Kathleen Hede Robinson of New Sweden remembers tramping snowshoe paths to the outhouse and underneath the clothesline in “Winter in the 1940s,” when walls of snow on the path from the house to the road were as tall as her father as he shoveled. Like Robinson, Hazel Cameron of Presque Isle recalls warming her feet on the open door of the oven and sliding down hills on whatever was available – a baking sheet or a cardboard box – in “Winter on the Farm.”
David Parker of Rochester, N.Y., grew up on Stillwater Avenue in Bangor overlooking a rolling pasture that is now the Bangor Mall. Land now dedicated to shopping was a winter playground for local kids where the right combination of rain and cold created “an ice rink of staggering proportions.” Parker recalls that ice chutes, crust sliding, frozen meadows and bonfires on ice were all part of “Winter at Rocky Corner” – now the I-95 interchange.
Up north in Perham, residents hope to restore snowshoe racing to the Aroostook County winter sports agenda. They created a “Snowshoe Spectacular” in 2008 to celebrate the sport and showcase the Salmon Brook Lake Bog, a year-round natural treasure supporting diverse flora and fauna. Writer Kasey Grieco of Westmanland takes readers to the starting line and introduces them to naturalist Richard Clark, who first envisioned the snowshoe race as a way to sensitize people to the beauty of the area.
Color photos by Stephen Leighton of Fort Fairfield combine with poetry by Ethel Pochocki of Brooks and Russell Libby of Mount Vernon to create visual and verbal images of winter in a center section of the magazine titled “North by Verse.” On the back cover, Leighton’s golden retriever runs out of the evergreens silhouetted by sun on snow.
Other features in Echoes’ 83 edition include the second part of an interview with Houlton businessman Paul A. McGillicuddy and a story of the “Last Big Fling” of the Caribou High School Class of 1907. Barbara McGillicuddy Bolton of Brooklyn, N.Y., interviewed her uncle, now 95, to create a profile laced with poignant business philosophy. “Be a little early, work harder than anyone else and be there when you close down,” advises McGillicuddy, who still sees possibilities for business.
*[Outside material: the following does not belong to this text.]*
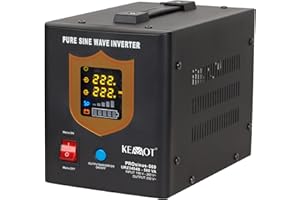 Notstromversorgung KEMOT PROsinus-500 URZ3404B Wechselrichter Reiner Sinus Ladefunktion 12V 230V 500VA/300W, schwarz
One characteristic of the Caribou High School Class of 1907 was “push,” according to class editor May Collins, and they continued to demonstrate the quality 50 years after graduation. Their “Last Big Fling” was a 50th reunion in Los Angeles, hosted by class member Clifford Hardison and his wife Elvira. Even though their principal, Willard P. Hamilton, then 87, thought women in their 60s were too old to travel, Collins (then Mrs. Harry Ahern) contacted her classmates, and many joined Hamilton for the flight to California and 10 days of sightseeing. Writer Glenna Johnson Smith composed the account from correspondence and class records provided by Audrey Bishop Thibodeau, daughter of class member Elsie Berce Bishop.
Stories from the north woods include a fiction piece by J. D. Aiguier of Winslow, and an anecdote about sportswriter Bud Leavitt by Dana McNally, who operated the McNally camps between the Allagash and Fish rivers. Aiguier creates a character in “The Preacher” who possesses the qualities that inspire respect. In “The Sportswriter,” McNally relates an incident that inspired his father, William Parker McNally (Daddy Will), to joke that Bud Leavitt was a “most accomplished liar.”
Release of Echoes No. 83 this month begins the 21st year of continuous publication for the quarterly magazine based in Caribou and printed at Northeast Publishing Co. in Presque Isle. Dedicated to preserving qualities of life at risk in today’s world, the magazine celebrates life lived simply with deep respect for nature.
In an autobiographical essay title “Community in Crisis,” editor Kathryn Olmstead affirms the value of community in times of economic hardship. The essay first appeared in the magazine in 1989 and was republished in 1999, as the nation feared the effects of Y2K. Its message remains relevant.
Echoes goes to subscribers throughout the United States and Canada and is available on northern Maine newsstands, with information at echoesofmaine.com.